You’ll use headphones for checking your mixes, as a monitor for the artist to hear themselves, and the backing track, and as a reference during mixing and mastering.
I don’t recommend doing the bulk of mixing and mastering using headphones, because ear fatigue seems to be more pronounced when using headphones, and you will lose the ability to have sound judgment. I’ll use headphones for mixing if I’m on the road, and want to get a good start on a song, and I use them as a reference. I also use the same headphones for casual music listening, so that I know how a mix should sound through them.
Often, after a few hours of mixing a song through my main speakers, putting on the headphones can be like getting a second opinion. I’ll notice the lead vocals aren’t the right volume, I’ll notice the trumpet clashing with the synth at 8khz. I’ll also usually notice things in the bass.
Headphones are also a critical component for me in the mastering phase. Because I mix and master in the same studio, I use a couple different pairs of headphones to really get a good sense of how the mix sounds, and will translate onto other systems.
I use the iSK HD-9999’s to get a good feel for the overall sound. They have deep bass, and are pretty smooth right up to the high trebles. If there are treble issues, I’m really able to notice it, and fix it with these headphones. Then I use the iSK MDH-9000 headphones to check the bass. These headphones have a bit prominent in the bass, much like many consumer headphones, so when there’s something conflicting, or just not right sounding, they bring it out a little more.
There are open back headphones, and closed back headphones.
Closed back headphones house the speaker driver within a sealed enclosure. This offers the best isolation, with minimal sound bleed in or out. This is ideal in a recording setting where you don’t want the headphone mix bleeding into the microphone. It’s also beneficial to reject outside noise coming in, such as a nearby drummer, so you can still hear the click track.
Open back headphones allow the speaker driver to be open to the air. The advantage of this is a more natural sound, because the sealed enclosure will effect the sound.
The iSK HD-9999’s are closed back, so they have really good isolation, and they attempt to mimic the effect of open back headphones by utilizing a fairly large enclosure.
When purchasing headphones, look for a comfortable fit. Light weight also helps, as you may find yourself wearing them for hours on end.
Also look for an even frequency response across the lows, mids, and treble.

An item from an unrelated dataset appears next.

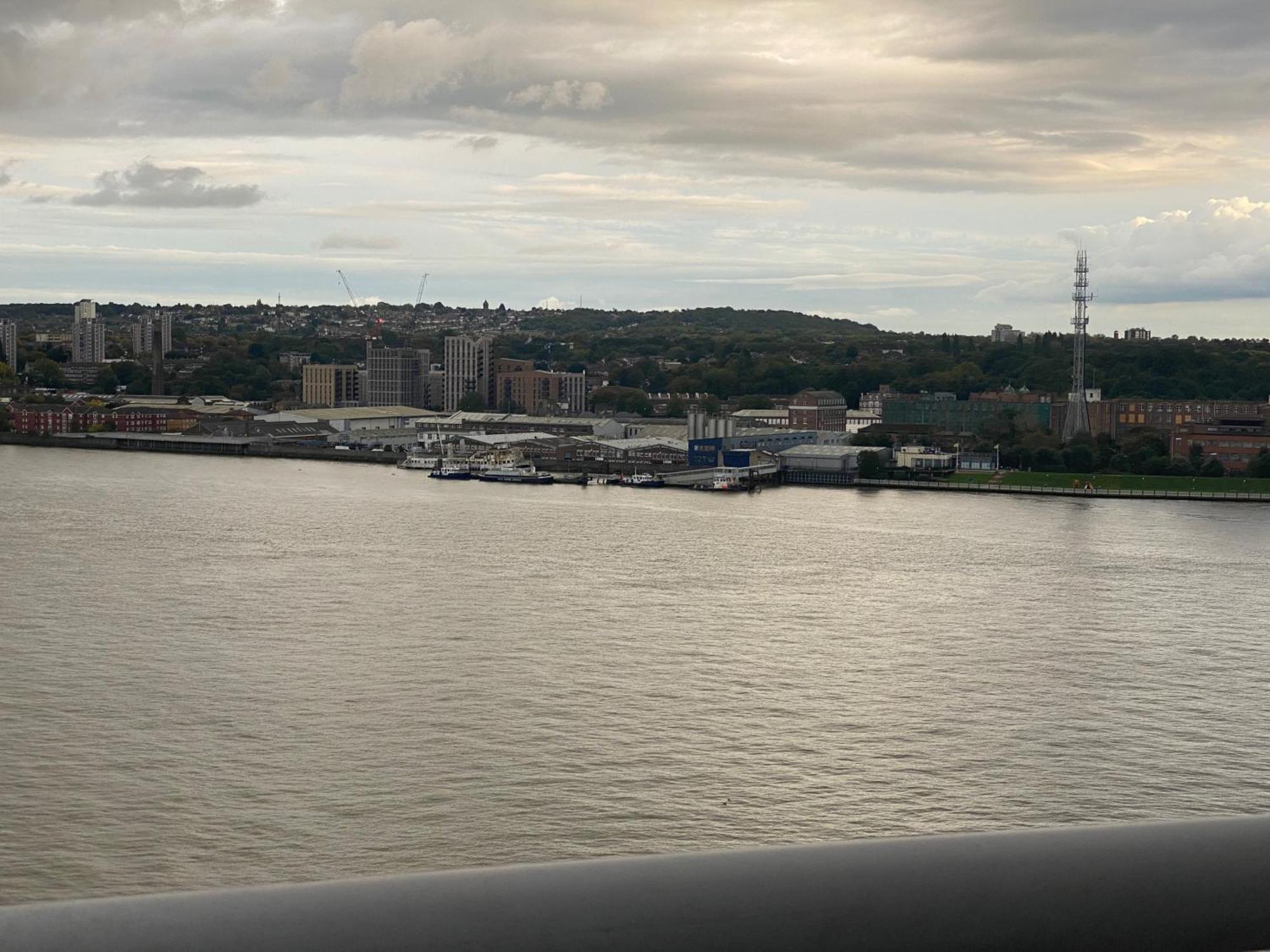 2 Bed Parking Balcony River View *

Listen for clarity, and the most natural sound.
What you want to avoid is headphones that boost certain frequencies, or attempt to make music sound better. Many consumer headphones are known for doing this. When using the headphone as a monitor, they will give you a skewed perception of the sound, and be detrimental to your performance or your mix.
Also, for studio purposes, you do not want noise canceling, or wireless headphones. These are always consumer grade, which means they are designed to sound good, but not designed to be accurate. They also have their own built in amplifier, which will generally be not as good as the headphone jack in your recording interface. Also worth note is the inconvenience of wireless headphones. They can only be used with a device they are synchronized to, they are subject to interference, and if you forget to charge the battery, you can’t use them at all. So, for studio purposes, stick with wired headphones.